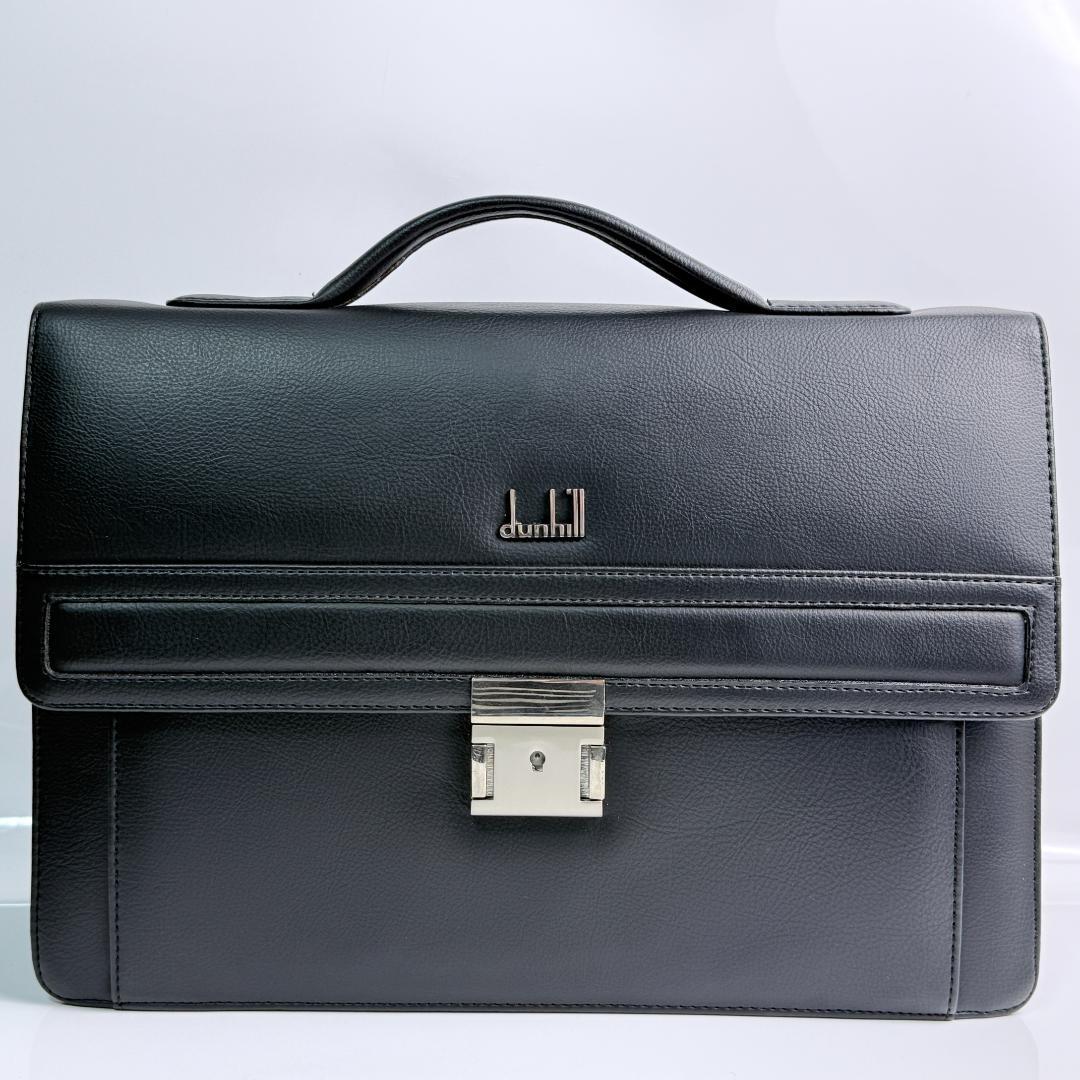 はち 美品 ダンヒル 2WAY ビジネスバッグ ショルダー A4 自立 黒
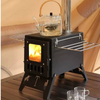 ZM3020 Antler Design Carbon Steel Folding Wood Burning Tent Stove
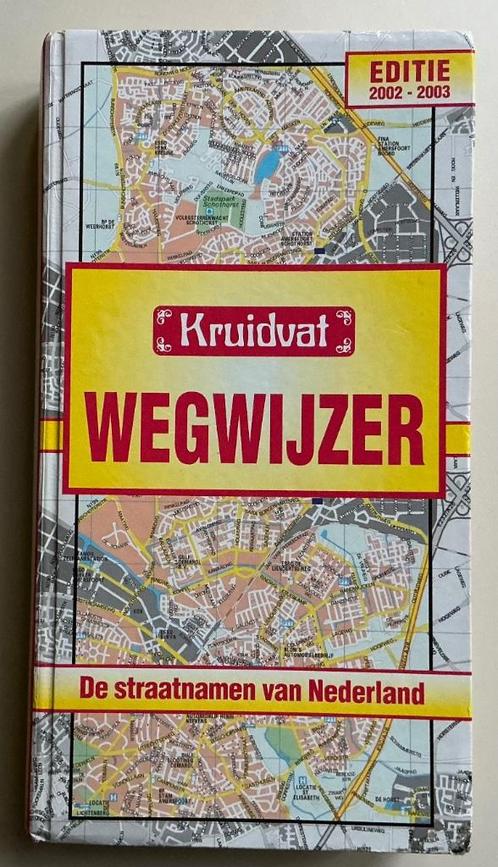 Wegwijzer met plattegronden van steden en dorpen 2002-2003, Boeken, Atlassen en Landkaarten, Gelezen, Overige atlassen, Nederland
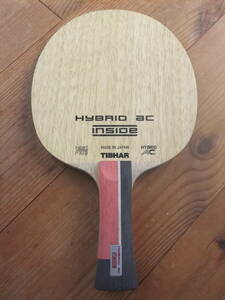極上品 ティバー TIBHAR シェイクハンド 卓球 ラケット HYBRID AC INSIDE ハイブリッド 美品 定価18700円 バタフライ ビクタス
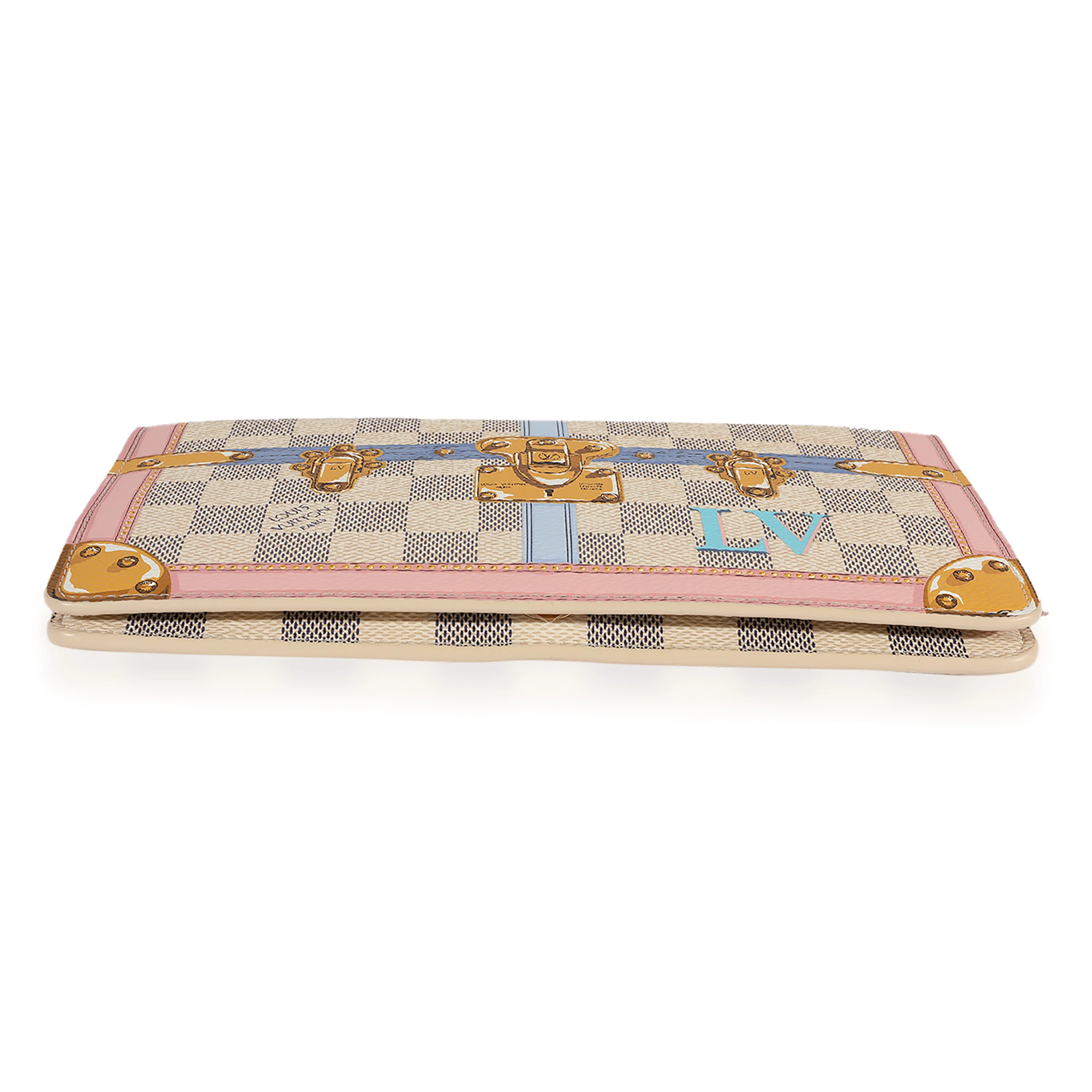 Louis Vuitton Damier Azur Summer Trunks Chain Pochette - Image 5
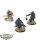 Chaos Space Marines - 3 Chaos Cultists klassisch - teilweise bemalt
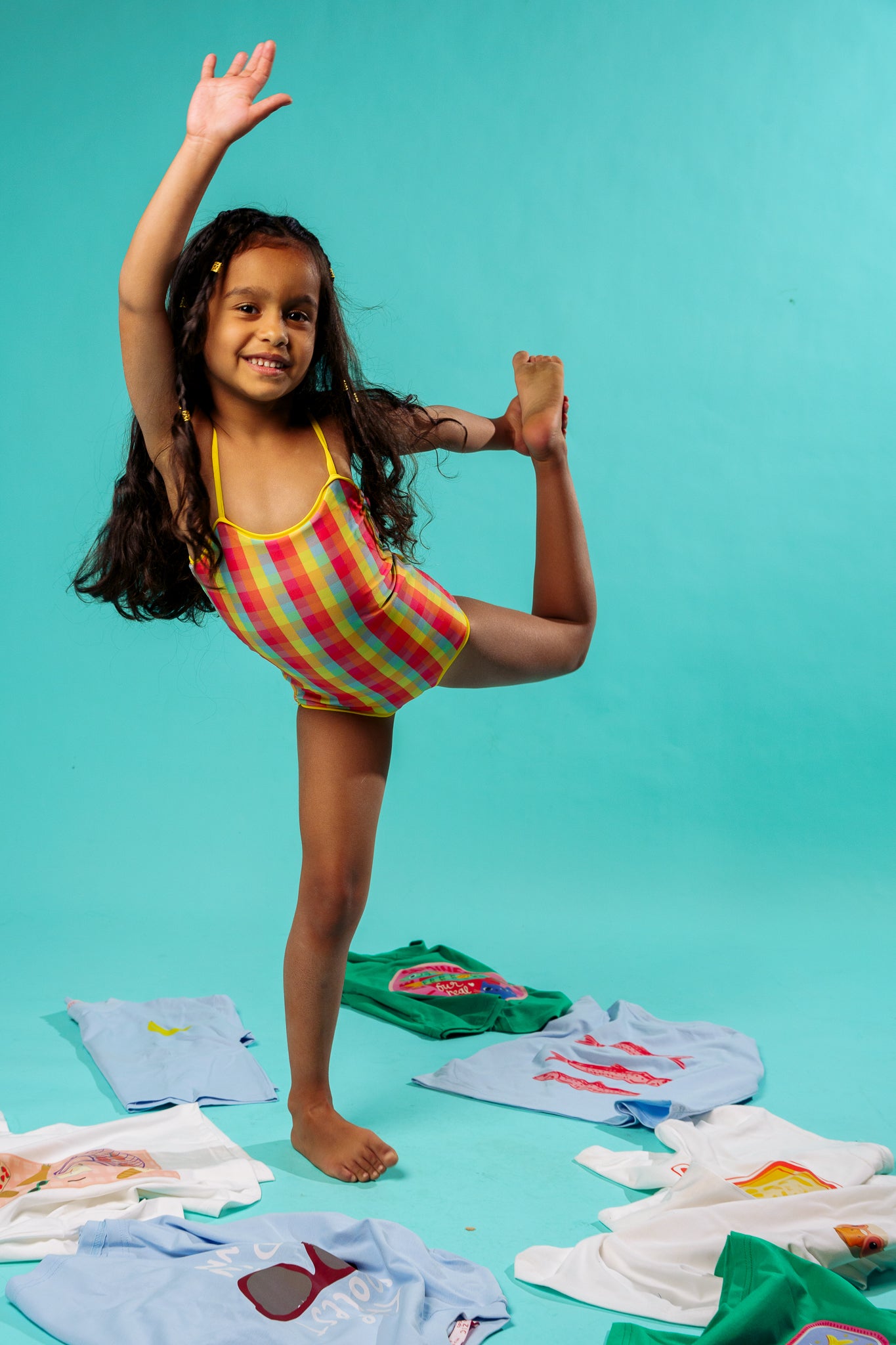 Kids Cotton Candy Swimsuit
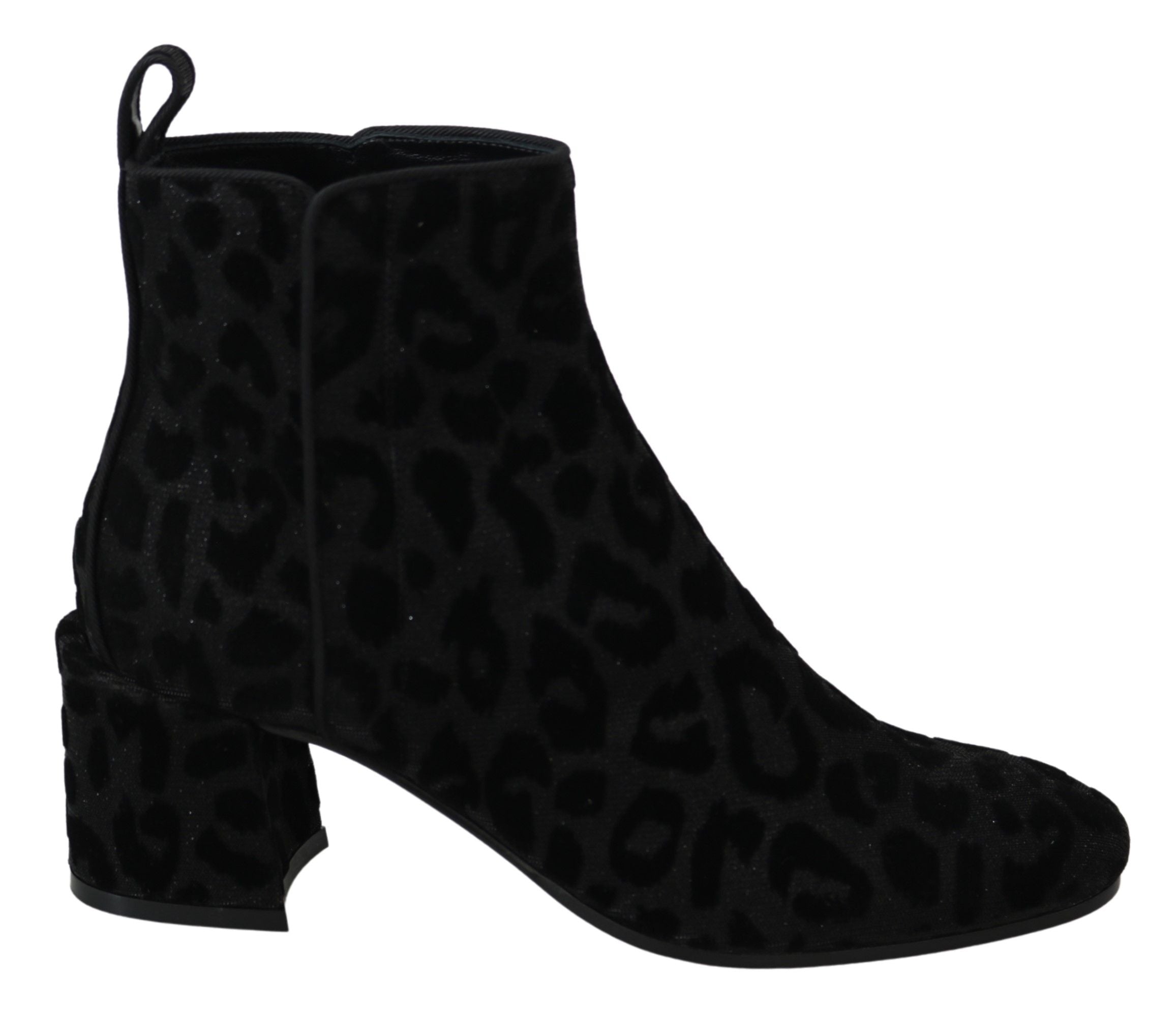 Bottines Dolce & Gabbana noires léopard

### Exercise
The line containing "Chaos Space Marines" and all lines after it, through the last line of the records, should be returned exactly. Omit the pictures.

### Result of the task
 Chaos Space Marines - 3 Chaos Cultists klassisch - teilweise bemalt
 Kids Cotton Candy Swimsuit
 Bottines Dolce & Gabbana noires léopard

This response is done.